Au cours de cette deuxième détention au secret, le Dr Al Shamsi rapporte avoir été soumis aux mêmes conditions que la première fois et avoir été encore plus durement torturé ; il rapporte notamment avoir été détenu dans un isolement total dans une cellule glacée où il dormait à même le sol en béton, privé de sommeil durant plusieurs jours, battu, injurié et menacé à plusieurs reprises.

Inculpé d'atteinte à la sûreté de l'Etat, son affaire a été renvoyée devant la Cour suprême fédérale le 25 Juin 2007.

En l'absence de preuves pour justifier l'accusation portée contre lui, seuls les procès verbaux établis par ses tortionnaires et contenant des aveux arrachés sous la torture ont constitué les éléments d'accusation du dossier pénal.

Bien que le Dr Al Shamsi ait écrit une longue lettre détaillée à la Cour par laquelle il a décrit les conditions de sa détention et les tortures qu'il a subies en citant nommément ses tortionnaires, ses juges n'ont jamais voulu en tenir compte.

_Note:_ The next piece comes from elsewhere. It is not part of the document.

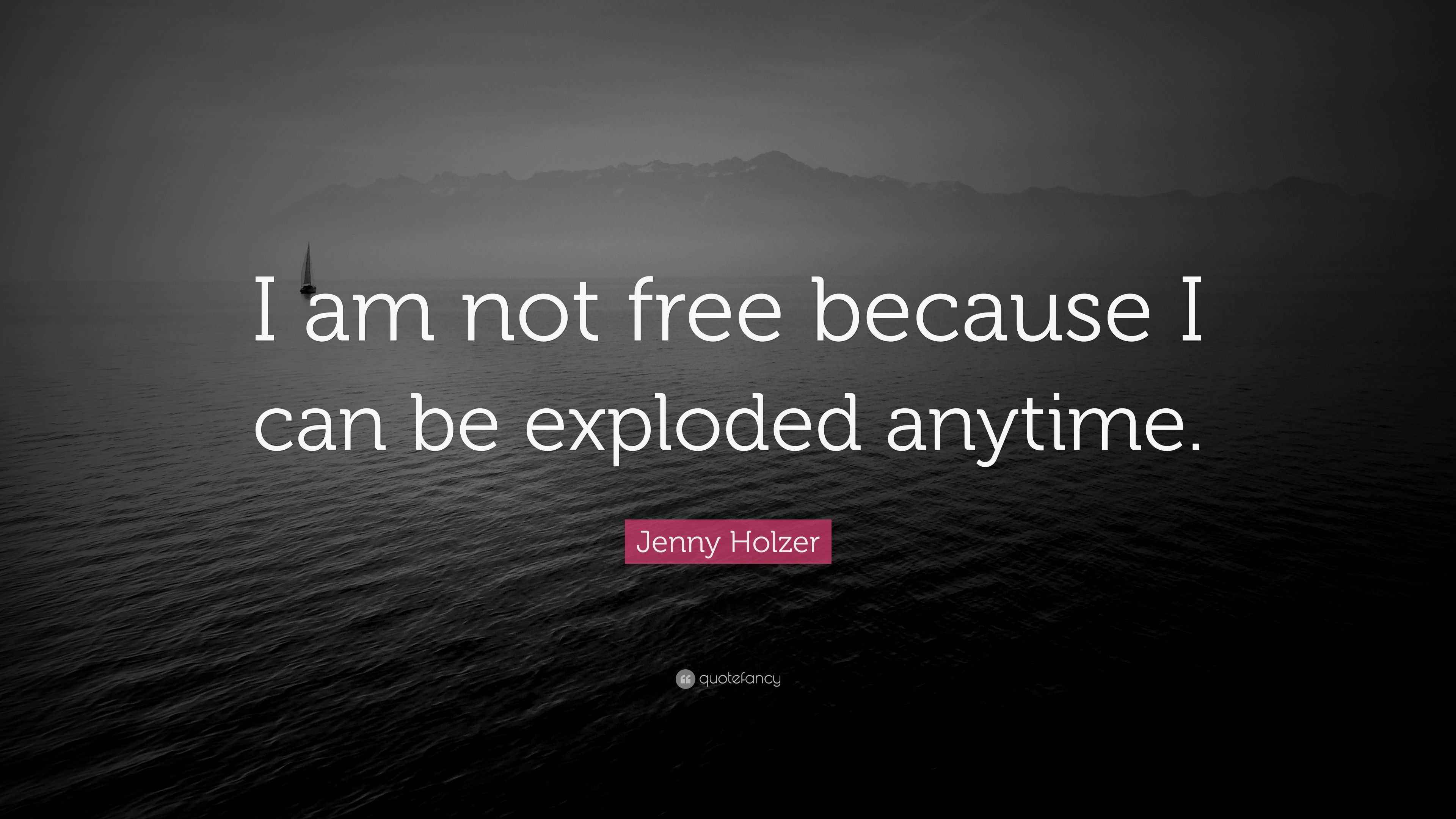 Jenny Holzer Quote: “I am not free because I can be exploded anytime.”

Le procès du Dr Al Shamsi a constitué une suite de violations de son droit fondamental à un procès équitable. Dès la première audience, le juge a prononcé le huis clos et interdit l'accès à la Cour d'observateurs ou de membres de la famille de l'accusé.

Les seuls témoins appelés par la juridiction de jugement ont été les officiers de la sûreté d'Etat et en particulier l'officier qui a dirigé l'enquête préliminaire et les séances de torture qui a été cité par le parquet comme le principal témoin à charge.

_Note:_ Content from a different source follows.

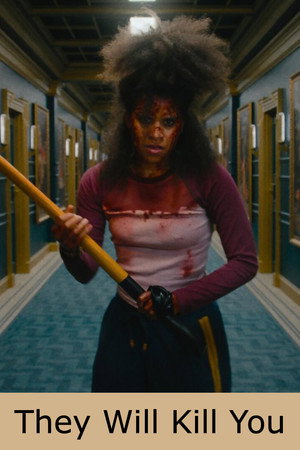 poster They Will Kill You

Malgré des demandes réitérées à l'accusateur public formulées par la défense de produire des preuves de ses accusations, celui ci, après avoir déclaré à la Cour qu'il était disposé à le faire s'est ensuite réfugié derrière le caractère secret de ces preuves que la Sûreté de l'état ne pouvait divulguer même à la Cour.

L'avocat du Dr Al-Shamsi a ensuite été invité par la juridiction de jugement à prouver l'innocence de son client en violation manifeste du principe fondamental de la présomption d'innocence.

Le Dr Al-Shamsi a finalement été condamné le 1er Octobre 2007 à cinq ans d'emprisonnement, à l'issue d'un procès inéquitable, entaché de graves irrégularités au cours duquel son avocat n'a pas été autorisé à plaider et n'a pu que soumettre un mémoire écrit.

Les décisions de la Cour suprême ne sont pas susceptibles de recours en violation du principe du droit à un double de degré de juridiction.

Il apparaît de toute évidence, à la lumière des faits ainsi exposés, que la privation de liberté du Dr Al Shamsi est uniquement motivée par ses opinions et ses déclarations politiques ; tant sa détention au secret et sans inculpation durant 86 jours et résultant de sa première arrestation que son actuelle détention à la suite de sa condamnation à la suite d'un procès inéquitable sont incontestablement arbitraires.